Boroh, also the Special Adviser to the President on Niger Delta Affairs, said this in an interview with our reporter on Thursday in Abuja.
He added that “the burden of fixing Nigeria’s economy had fallen squarely on all of us.
”Though our economy is blessed with series of natural resources, yet we suffer in the midst of plenty.”
Boroh, however, pointed out that agriculture would attract Foreign Direct Investment, reduce the high level of unemployment, and reduce the over-reliance on crude oil.
According to the coordinator, currently, Nigeria has over 80 per cent of arable land, but unfortunately, less than 40 per cent of that land is cultivated, hence, the need to reform the agriculture sector.
“Since its inception in 2009, PAP has succeeded in training a number of Niger Delta youths in diverse skills, which had improved their lives and impacted on their communities.”
Boroh pointed out that with the new challenges faced by the country and in line with the present administration’s focus on agriculture, the Amnesty Office was poised to explore agriculture to meaningfully engage ex-agitators in the region.
The Presidential aide noted that agriculture had been regarded in recent times as the most viable route with which Nigeria would successfully get out of the current economic challenge.
“Prior to the discovery of crude oil in Oloibiri in 1956, agriculture was the mainstay of the economy, being the highest earner of Foreign Exchange for the country, making Nigeria to be largely self-sufficient in food production then,” he said.

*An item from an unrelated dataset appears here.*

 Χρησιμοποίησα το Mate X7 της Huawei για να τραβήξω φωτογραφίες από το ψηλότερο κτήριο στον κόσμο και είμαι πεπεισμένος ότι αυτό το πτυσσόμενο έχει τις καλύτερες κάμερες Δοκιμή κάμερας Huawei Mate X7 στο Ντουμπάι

According to him, in 2017 the Amnesty office had trained more than 508 beneficiaries across the nine oil-producing states to establish their own crop, poultry and fish farms.
He added that only recently the office just graduated 100 beneficiaries, trained in poultry and fishery, at Songhai Farms in Delta state.
He, however, urged all beneficiaries of the agriculture training to put into practice what they had learnt during their one month intensive course in poultry and fishery to enhance food production and sustainability.
Boroh noted that the increasing attention of the private investors in agriculture was a testimony to the fact that there were a lot of opportunities in the sector.
He, however, disclosed that in the next phase of any agriculture training programme, the Amnesty office would ensure that provision was made for beneficiaries to establish and manage their areas of specialisation.
Recall that the coordinator had earlier assured beneficiaries undergoing training in various centres across the country of their prompt empowerment packages at the end the programmes.